RegularExpressionDoc.tioga
Copyright © 1985 by Xerox Corporation. All rights reserved.
Russ Atkinson (RRA) June 26, 1985 6:25:08 pm PDT
REGULAR EXPRESSION
CEDAR 6.0 — FOR INTERNAL XEROX USE ONLY
Regular Expression
-- a package for parsing and matching regular expressions
Russ Atkinson
© Copyright 1985 Xerox Corporation. All rights reserved.

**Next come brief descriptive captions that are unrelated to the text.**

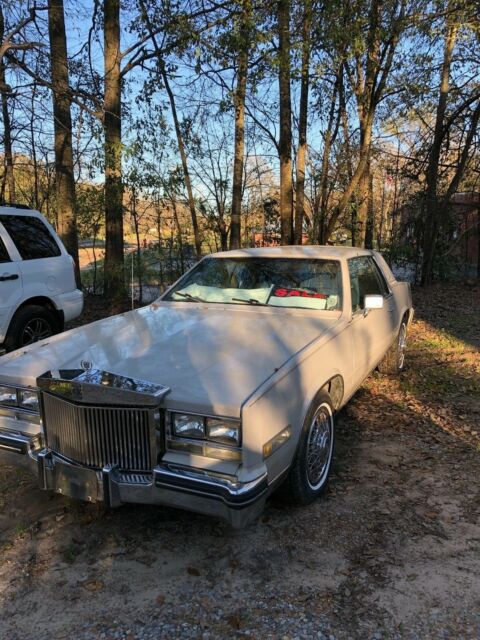 1984 Cadillac Eldorado leather - photo 3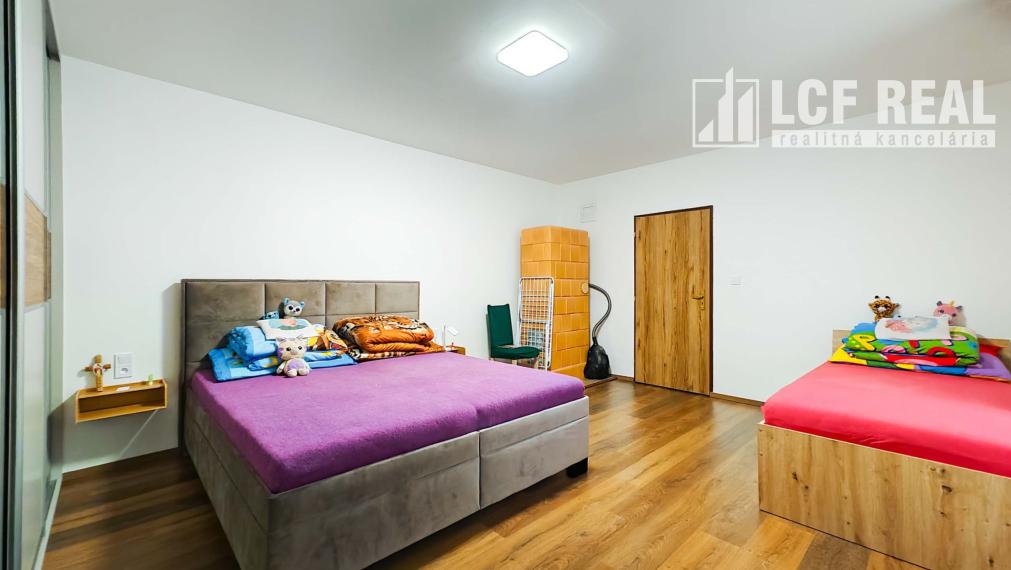 RD po kompletnej rekonštrukcii v lone prírody, Žakarovce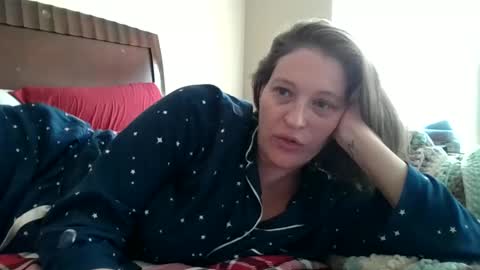 Snapshot of jennibean6996 chatting on 12.08.24 Jennibean6996 online show from 12.08.24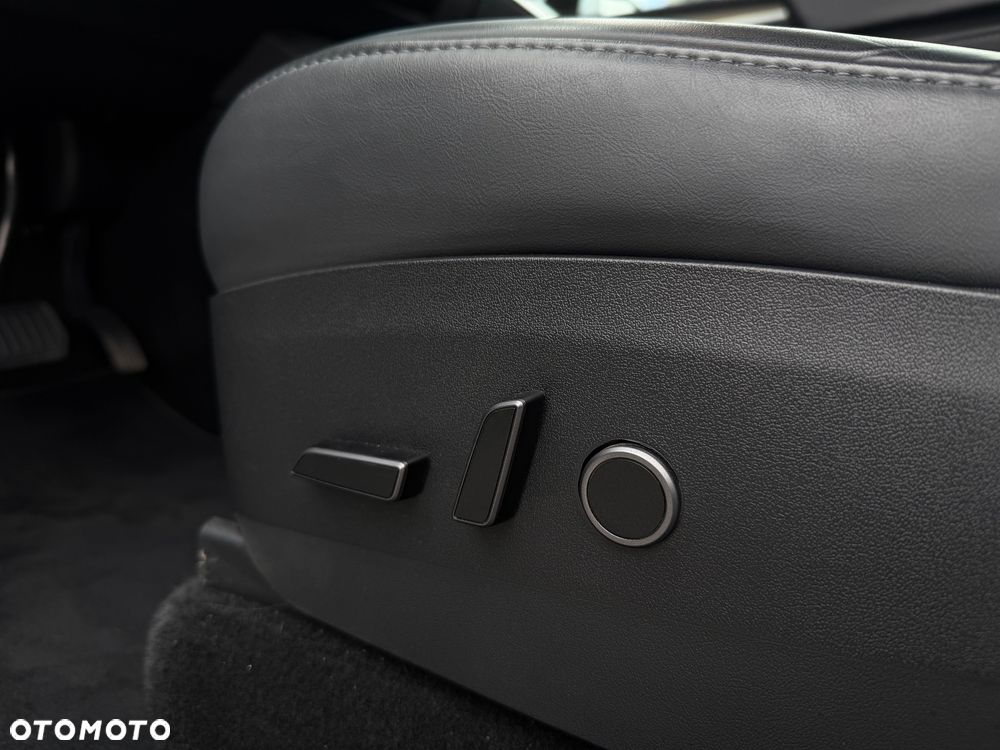 Tesla Model Y RWD - 16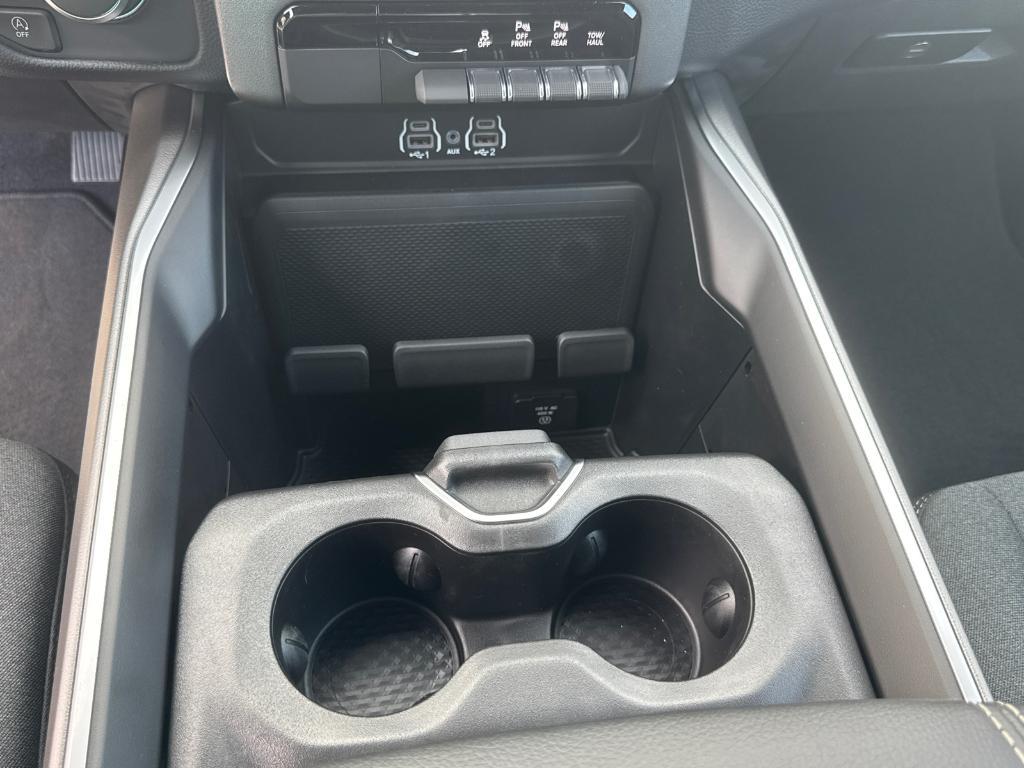 new 2025 Ram 1500 car, priced at $56,270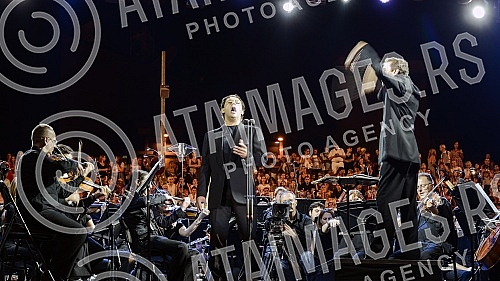 The Night of Music was held with the performance of Kolibri Choir, RTS Choir and Symphony Orchestra at the Tasmajdan Stadium.Odrzana Noc muzike uz nastup hora Kolibri, hora RTS i Simfonijskog orkestra na stadionu Tasmajdan. 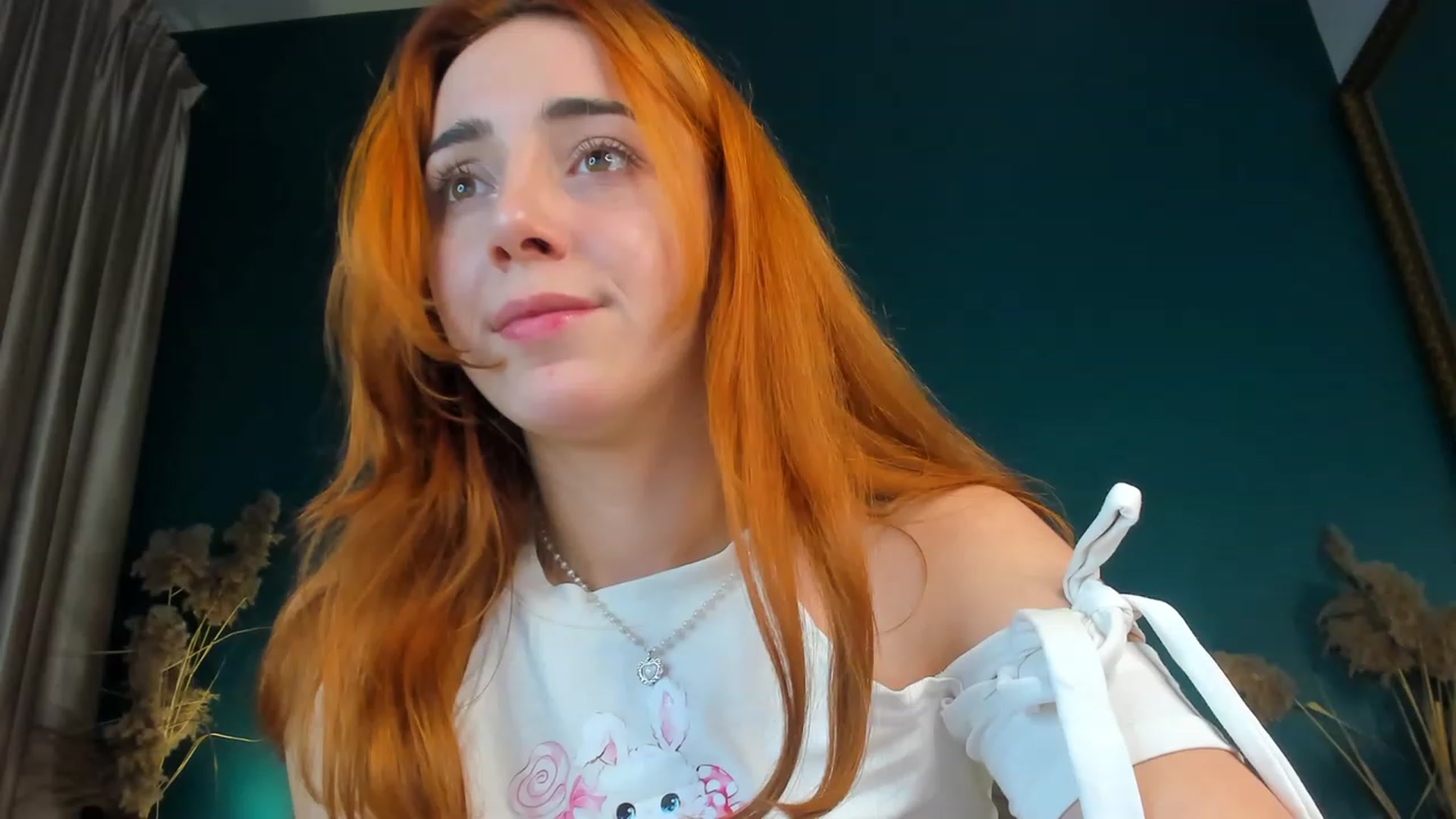Gallery image thumbnail from ElsaYoung's myfreecams stream on, 10/08/2023, 01:22 image 18 of 20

Abstract: RegularExpression is a package that implements a syntax for specifying a kind of text matching pattern called regular expressions.
Created by: Bob Nix
Maintained by: Russ Atkinson <Atkinson.pa>
Keywords: regular expressions, matching
XEROX  Xerox Corporation
   Palo Alto Research Center
   3333 Coyote Hill Road
   Palo Alto, California 94304

For Internal Xerox Use Only
Overview
The pattern matcher is a package that implements a syntax for specifying a kind of text matching pattern called regular expressions. The simplest sort of regular expression is just a string, like ``hello''. This pattern will match occurrences of the word ``hello'', or substrings of words like ``othello''. It will even match the string ``Hello'', if your ignore-capitalization switch is set.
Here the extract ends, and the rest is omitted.